ASSIGNMENT -> Leaving the pictures aside, transcribe the data below exactly.

DATASET CONTENT ->

※

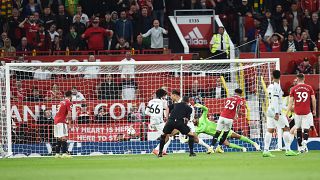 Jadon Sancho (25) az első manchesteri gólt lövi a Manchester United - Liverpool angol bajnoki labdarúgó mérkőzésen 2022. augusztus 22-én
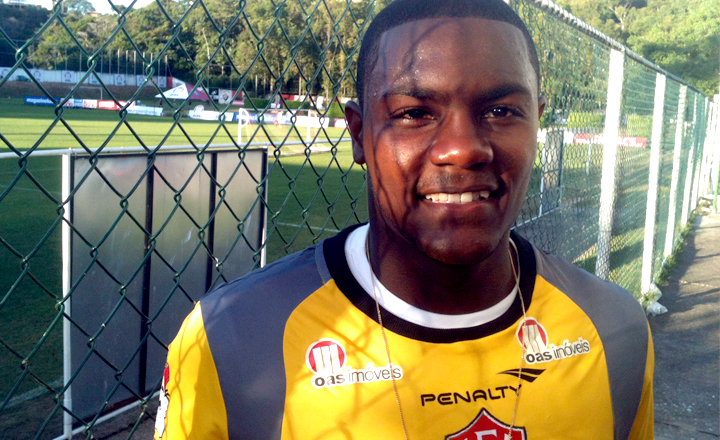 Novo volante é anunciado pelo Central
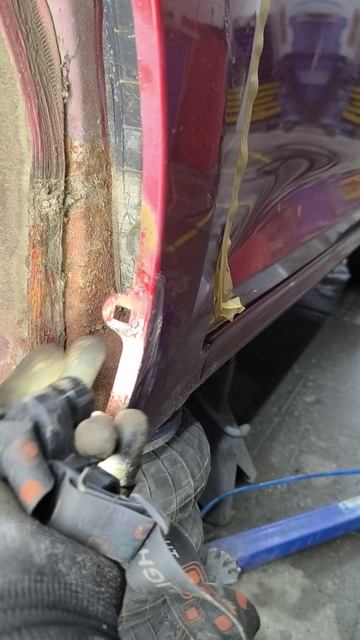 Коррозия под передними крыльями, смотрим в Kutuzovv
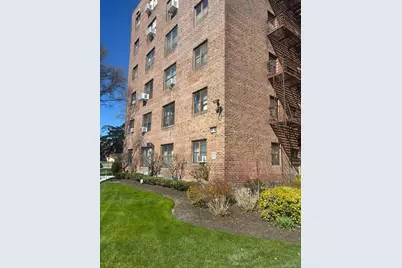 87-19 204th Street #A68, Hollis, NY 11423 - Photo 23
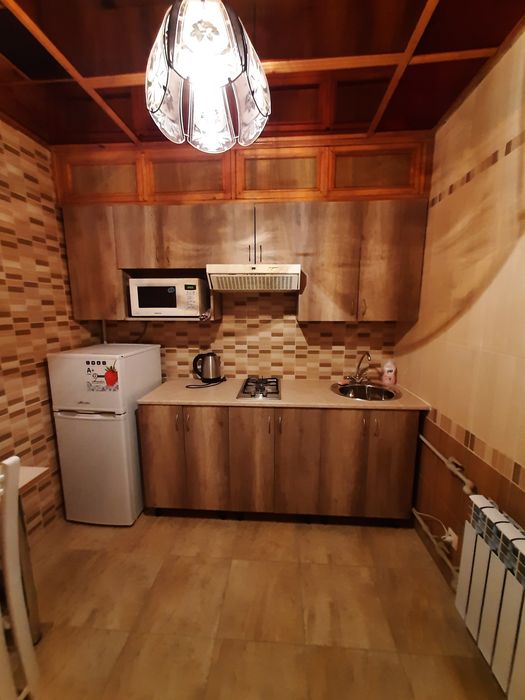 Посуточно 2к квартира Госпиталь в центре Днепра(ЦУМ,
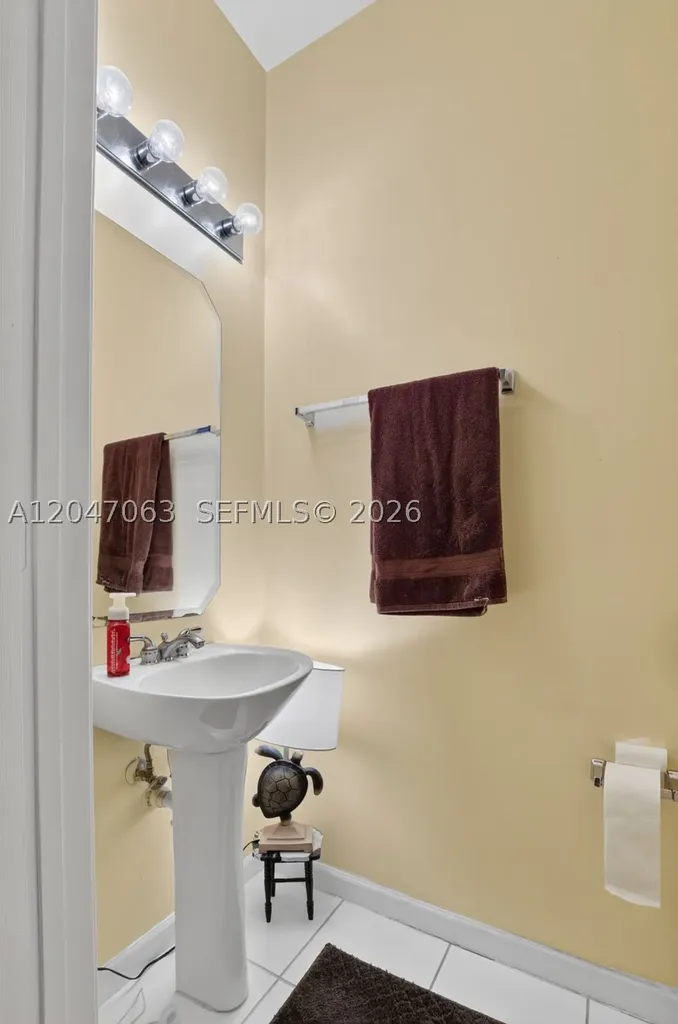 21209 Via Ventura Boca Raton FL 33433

※

OUTPUT ->
 Jadon Sancho (25) az első manchesteri gólt lövi a Manchester United - Liverpool angol bajnoki labdarúgó mérkőzésen 2022. augusztus 22-én
 Novo volante é anunciado pelo Central
 Коррозия под передними крыльями, смотрим в Kutuzovv
 87-19 204th Street #A68, Hollis, NY 11423 - Photo 23
 Посуточно 2к квартира Госпиталь в центре Днепра(ЦУМ,
 21209 Via Ventura Boca Raton FL 33433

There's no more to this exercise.